Wednesday, November 23, 2011

Penang Hokkien Mee Recipe Prawn Noodle

Penang Hokkien Mee also commonly known as prawn noodle soup or simply prawn noodles is one of the most definitive hawker food from Penang island in Malaysia. The most significant thing about this prawn noodle is the richly flavored prawn soup base enhanced with pork bone stock. It is called Hokkien Mee only in Penang, people call it Hae Mee in Singapore and other parts of Malaysia like KL and Johor. The major difference that sets the Penang Hokkien Mee (prawn noodle soup) apart from other versions of prawn noodle soup is, Penang Hokkien Mee serves yellow noodles together with mee hoon (vermicelli) whilst others only serve yellow noodles. Local Penang people will tell you that yellow noodles and vermicelli mix is a tastier way of eating prawn noodles but others will say that it taste weird to mix vermicelli into the soup.

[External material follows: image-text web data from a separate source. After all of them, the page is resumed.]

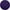 PURPLE, variant on ADM 38'' Acoustic Cutaway Guitar for Kids Beginner Kit with Free Lessons, Tuner, Blue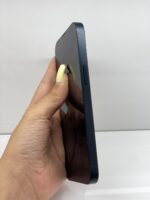13normal 128g t70% - Image 6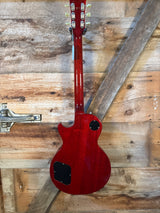 2003 Gibson Les Paul Standard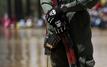 Dozens killed in jihadist attacks across seven Nigerian villages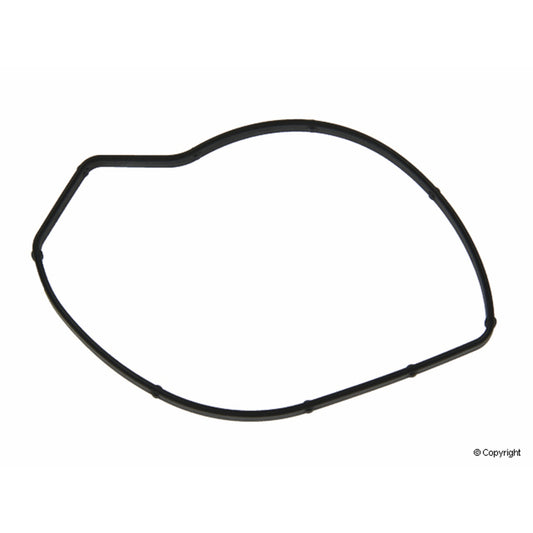 Engine Water Pump Gasket GENUINE 94810653300 For Porsche Cayenne Panamera Macan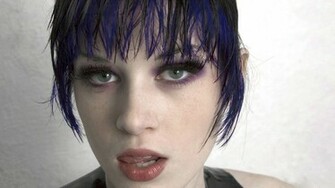 Stoya Wallpaper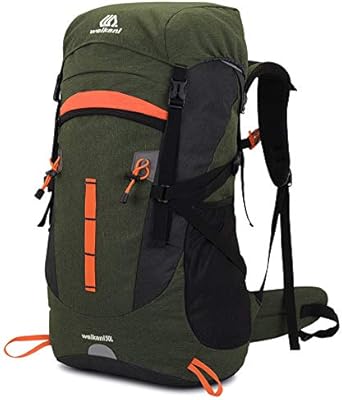mens 50l backpack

Your mileage may vary but today, Jolly Wolf is going to show you the prawn noodle recipe for the Penang Hokkien Mee.

Penang Hokkien Mee - Prawn Noodle recipe for 4 pax
Prawn noodle soup recipe ingredients
  1. 1kg of Sea Prawns (red shelled sea prawns preferred) to be de-shelled but keeping the head and shell.
  2. 300 grams of pork bone (or pork ribs if you have more money)
  3. Chicken stock (cubes or powder)
  4. 1.5 litres of water (estimated, no need to really measure)
  5. 150 grams of yellow noodles
  6. 150 grams of vermicelli
  7. A $1 pair of Kang Kong (water convolvulus)
  8. 40cents of bean sprouts
  9. 2 hard boiled eggs
  10. Fish cake slice (optional)
  11. 4 teaspoons of fine salt
  12. 3 tablespoons of cooking oil
Ingredients for chilli paste
  1. 150 grams of shallots
  2. 75 grams of garlic
  3. Dried shrimps
  4. 2 tablespoons of chilli powder
  5. 1.5 teaspoon of fine salt
  6. 1 teaspoon of sugar
  7. A whole bunch of cooking oil
This is the red shell sea prawns. Always stick to wild sea prawns instead of cultivated seafood because those prawns from the sea taste much much sweeter.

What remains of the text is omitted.